Looks like both Gator and Canaille are still in. Frazier and Flash to run tomorrow. :crossfing

Gator 56, Canaille 65; Frazier 117.


----------



## Claudia M (Aug 8, 2012)

Looks like Flash made it as well!

ETA - Frazier made it too!


----------



## 1gunner (Jan 22, 2015)

That is one tough test they are running today! Looks like only one dog, a black Lab, hasn't scalloped the shoreline.


----------



## Claudia M (Aug 8, 2012)

Gator had a strong start in the fourth series but got picked up on the MR. Canaille made it to 5th. Flash, Frazier and Wyatt to run tomorrow! :crossfing


----------



## Claudia M (Aug 8, 2012)

Wyatt made it to the 5th as well!

ETA - Flash, Wyatt, Canaille and Frazier finished the 4th! Waiting for callbacks!


----------



## krazybronco2 (May 21, 2015)

just now got to see that setup from the pics and THAT is a nasty test.

looks like it takes a very confident dog that knows where it is going to pick them up clean.

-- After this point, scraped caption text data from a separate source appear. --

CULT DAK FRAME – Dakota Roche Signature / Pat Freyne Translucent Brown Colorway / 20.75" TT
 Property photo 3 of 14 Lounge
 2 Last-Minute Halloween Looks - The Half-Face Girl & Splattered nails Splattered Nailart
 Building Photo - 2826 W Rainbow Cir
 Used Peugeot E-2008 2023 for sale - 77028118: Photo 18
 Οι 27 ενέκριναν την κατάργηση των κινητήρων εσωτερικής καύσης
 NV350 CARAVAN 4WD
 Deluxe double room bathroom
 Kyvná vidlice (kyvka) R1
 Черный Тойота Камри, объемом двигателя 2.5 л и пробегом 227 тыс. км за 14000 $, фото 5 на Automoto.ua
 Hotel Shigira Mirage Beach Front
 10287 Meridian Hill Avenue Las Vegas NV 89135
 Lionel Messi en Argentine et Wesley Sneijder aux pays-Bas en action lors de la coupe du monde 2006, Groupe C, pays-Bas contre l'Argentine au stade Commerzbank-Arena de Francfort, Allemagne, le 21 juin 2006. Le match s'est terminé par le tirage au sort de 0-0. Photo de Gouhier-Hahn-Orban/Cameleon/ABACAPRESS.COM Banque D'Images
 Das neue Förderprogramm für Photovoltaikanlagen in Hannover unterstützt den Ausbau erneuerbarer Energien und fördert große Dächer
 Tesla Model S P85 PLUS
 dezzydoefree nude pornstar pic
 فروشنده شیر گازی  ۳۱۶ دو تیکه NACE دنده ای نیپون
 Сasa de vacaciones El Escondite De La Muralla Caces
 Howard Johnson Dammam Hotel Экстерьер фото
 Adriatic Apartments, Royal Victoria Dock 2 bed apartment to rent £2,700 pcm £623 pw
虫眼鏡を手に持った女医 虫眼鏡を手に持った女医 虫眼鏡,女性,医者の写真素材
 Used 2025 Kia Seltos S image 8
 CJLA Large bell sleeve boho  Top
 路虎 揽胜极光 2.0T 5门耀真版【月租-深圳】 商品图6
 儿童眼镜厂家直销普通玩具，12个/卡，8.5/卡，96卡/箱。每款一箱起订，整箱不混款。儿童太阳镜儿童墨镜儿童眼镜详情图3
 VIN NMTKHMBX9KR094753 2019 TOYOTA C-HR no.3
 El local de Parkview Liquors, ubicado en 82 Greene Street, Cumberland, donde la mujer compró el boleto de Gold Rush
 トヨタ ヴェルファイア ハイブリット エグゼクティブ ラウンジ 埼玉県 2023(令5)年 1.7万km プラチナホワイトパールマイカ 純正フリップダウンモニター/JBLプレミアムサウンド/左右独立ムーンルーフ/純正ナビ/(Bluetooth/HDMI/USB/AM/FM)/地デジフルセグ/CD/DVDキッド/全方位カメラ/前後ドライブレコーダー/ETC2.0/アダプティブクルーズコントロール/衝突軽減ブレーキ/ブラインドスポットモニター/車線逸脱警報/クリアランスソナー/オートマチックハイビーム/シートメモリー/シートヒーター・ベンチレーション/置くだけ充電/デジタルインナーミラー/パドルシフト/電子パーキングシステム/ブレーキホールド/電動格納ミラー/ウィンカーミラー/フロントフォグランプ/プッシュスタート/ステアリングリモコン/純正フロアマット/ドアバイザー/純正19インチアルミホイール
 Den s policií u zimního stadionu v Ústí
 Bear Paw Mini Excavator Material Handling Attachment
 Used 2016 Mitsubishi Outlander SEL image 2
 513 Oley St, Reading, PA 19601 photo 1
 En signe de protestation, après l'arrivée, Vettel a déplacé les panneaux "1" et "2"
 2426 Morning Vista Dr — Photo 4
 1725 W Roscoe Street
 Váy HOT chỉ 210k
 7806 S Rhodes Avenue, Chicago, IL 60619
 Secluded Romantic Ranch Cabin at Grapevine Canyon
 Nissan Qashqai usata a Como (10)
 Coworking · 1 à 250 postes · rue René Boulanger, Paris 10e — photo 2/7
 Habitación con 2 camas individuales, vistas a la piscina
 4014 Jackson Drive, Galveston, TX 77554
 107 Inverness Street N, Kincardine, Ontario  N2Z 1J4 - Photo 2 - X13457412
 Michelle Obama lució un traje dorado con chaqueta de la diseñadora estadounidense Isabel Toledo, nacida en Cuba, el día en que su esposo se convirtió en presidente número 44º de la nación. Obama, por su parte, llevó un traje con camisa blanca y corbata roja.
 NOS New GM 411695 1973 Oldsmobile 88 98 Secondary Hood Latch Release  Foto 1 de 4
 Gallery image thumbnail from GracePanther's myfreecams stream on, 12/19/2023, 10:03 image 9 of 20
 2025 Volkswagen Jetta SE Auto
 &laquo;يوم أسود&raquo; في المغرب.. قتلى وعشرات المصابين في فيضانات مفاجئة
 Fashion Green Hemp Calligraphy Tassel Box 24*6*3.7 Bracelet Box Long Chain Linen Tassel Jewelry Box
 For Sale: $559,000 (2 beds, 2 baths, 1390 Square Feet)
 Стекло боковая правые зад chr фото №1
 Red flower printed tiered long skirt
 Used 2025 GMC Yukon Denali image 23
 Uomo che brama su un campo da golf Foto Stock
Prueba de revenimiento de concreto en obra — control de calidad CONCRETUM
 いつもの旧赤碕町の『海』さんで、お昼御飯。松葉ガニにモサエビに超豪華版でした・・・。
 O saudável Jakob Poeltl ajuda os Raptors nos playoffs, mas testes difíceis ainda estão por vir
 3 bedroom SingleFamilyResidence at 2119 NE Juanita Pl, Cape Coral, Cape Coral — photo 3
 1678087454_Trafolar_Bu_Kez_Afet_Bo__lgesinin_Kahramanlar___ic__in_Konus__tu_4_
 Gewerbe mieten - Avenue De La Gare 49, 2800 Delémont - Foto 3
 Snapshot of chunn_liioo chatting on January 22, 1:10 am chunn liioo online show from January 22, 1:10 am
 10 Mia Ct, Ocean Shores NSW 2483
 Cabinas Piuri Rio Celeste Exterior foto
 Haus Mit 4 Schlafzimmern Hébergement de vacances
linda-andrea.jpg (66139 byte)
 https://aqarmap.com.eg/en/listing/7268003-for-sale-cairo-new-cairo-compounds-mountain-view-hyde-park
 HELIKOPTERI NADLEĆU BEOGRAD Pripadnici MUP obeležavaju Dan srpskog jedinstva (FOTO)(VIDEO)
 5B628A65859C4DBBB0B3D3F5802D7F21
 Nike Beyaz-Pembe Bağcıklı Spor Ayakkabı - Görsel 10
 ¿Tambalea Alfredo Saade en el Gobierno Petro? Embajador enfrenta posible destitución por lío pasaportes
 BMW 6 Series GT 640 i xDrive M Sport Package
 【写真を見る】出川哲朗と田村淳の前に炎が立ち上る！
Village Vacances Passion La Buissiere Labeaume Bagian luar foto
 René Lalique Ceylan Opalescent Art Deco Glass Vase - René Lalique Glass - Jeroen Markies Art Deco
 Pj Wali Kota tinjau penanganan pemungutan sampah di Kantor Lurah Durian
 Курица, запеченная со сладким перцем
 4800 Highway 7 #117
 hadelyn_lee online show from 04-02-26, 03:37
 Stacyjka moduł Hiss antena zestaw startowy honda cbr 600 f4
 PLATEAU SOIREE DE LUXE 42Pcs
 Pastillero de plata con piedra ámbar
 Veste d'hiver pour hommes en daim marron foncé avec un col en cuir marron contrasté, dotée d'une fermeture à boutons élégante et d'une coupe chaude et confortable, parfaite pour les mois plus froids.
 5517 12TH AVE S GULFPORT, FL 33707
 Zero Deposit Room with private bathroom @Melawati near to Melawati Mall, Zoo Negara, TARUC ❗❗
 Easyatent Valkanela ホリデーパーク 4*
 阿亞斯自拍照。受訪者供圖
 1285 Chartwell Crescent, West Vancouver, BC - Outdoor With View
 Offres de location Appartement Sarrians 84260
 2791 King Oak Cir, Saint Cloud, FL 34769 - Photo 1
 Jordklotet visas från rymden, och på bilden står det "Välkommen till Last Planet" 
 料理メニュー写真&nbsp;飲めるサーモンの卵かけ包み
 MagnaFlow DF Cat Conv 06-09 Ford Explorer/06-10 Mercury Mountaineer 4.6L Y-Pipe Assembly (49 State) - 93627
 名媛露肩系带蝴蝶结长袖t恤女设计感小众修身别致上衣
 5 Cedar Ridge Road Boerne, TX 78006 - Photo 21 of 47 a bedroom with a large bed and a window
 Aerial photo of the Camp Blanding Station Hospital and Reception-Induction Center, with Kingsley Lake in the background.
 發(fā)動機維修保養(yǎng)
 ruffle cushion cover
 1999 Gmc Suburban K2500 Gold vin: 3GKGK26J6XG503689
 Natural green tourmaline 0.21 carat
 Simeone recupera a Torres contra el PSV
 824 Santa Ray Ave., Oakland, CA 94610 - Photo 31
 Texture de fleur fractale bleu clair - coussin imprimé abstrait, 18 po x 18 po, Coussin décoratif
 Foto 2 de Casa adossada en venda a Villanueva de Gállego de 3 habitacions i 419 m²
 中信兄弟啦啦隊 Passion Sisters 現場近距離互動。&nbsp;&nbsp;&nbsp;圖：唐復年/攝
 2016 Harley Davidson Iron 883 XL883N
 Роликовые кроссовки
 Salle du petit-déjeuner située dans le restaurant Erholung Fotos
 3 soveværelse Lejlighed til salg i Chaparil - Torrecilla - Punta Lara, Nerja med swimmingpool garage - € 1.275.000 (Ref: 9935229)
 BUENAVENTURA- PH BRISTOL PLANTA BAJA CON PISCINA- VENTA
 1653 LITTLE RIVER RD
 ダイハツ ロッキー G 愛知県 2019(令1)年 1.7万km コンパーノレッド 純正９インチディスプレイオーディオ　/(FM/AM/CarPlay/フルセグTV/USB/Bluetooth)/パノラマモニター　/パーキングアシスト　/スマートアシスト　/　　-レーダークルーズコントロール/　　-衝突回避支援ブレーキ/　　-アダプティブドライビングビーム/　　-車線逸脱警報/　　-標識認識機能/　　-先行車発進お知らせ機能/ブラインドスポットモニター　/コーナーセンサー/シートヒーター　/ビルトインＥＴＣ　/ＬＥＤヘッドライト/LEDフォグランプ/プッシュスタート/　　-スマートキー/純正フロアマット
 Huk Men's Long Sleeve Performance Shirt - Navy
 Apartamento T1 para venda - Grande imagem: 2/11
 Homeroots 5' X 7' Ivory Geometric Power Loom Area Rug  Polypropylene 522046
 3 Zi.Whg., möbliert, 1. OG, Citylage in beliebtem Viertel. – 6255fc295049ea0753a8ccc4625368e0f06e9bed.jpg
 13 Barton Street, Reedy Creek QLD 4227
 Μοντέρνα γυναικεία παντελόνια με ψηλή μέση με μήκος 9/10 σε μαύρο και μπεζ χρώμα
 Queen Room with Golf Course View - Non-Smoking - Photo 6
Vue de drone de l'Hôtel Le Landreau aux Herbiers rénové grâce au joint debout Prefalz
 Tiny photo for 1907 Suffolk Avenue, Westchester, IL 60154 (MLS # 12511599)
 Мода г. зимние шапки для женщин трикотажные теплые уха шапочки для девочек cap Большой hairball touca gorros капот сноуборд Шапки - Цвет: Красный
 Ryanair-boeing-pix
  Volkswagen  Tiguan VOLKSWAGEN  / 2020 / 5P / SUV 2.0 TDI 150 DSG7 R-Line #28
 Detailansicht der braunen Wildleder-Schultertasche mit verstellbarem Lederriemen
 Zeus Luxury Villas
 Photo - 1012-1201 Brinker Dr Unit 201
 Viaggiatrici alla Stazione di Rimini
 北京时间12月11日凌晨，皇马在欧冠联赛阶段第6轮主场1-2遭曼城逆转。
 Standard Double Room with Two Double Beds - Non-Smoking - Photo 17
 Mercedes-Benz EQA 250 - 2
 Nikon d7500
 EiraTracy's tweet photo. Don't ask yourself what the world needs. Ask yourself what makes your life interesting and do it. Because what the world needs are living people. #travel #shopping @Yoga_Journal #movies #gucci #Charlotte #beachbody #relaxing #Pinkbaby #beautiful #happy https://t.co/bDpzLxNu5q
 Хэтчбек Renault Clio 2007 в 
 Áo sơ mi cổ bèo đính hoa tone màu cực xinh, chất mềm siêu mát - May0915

but question for Knorman and FT golden. is the fly just there to burn some memory and give the gunners time to retire or with it being quite a bit closer to the line is it more of an eraser bird? i understand it isnt a classic eraser flier where it goes from one side of the test to the other but it is pretty close flier.


----------



## Claudia M (Aug 8, 2012)

Crossing fingers for the callbacks to the fifth series. Also Gator shows an H for handle in the 4th series instead of P for pick up under the callback tab. Maybe there was an error on the blog.


----------



## krazybronco2 (May 21, 2015)

call backs to the fifth.


----------



## KNorman (Aug 5, 2011)

krazybronco2 said:


> just now got to see that setup from the pics and THAT is a nasty test.
> 
> looks like it takes a very confident dog that knows where it is going to pick them up clean.
> 
> but question for Knorman and FT golden. is the fly just there to burn some memory and give the gunners time to retire or with it being quite a bit closer to the line is it more of an eraser bird? i understand it isnt a classic eraser flier where it goes from one side of the test to the other but it is pretty close flier.


Krazy, I'd say more so to burn memory and give the guns time to retire. Also, note that the flyer gives the dog "land"...so the dog is thinking "land" when they return from picking up the flyer.

Dogs at this level should be able to over come this, but you never know....it's a subtle way to mess with a dog's head. 

We commonly throw sets where the dog has to bear down and concentrate. You can do this all sorts of ways, like this set giving them land then taking it away, or you can give them a nice square water mark and then come back with a really cheaty memory bird....or letting them pick up a mark in very light cover then demanding they punch cover on a memory bird....lots of variations there. 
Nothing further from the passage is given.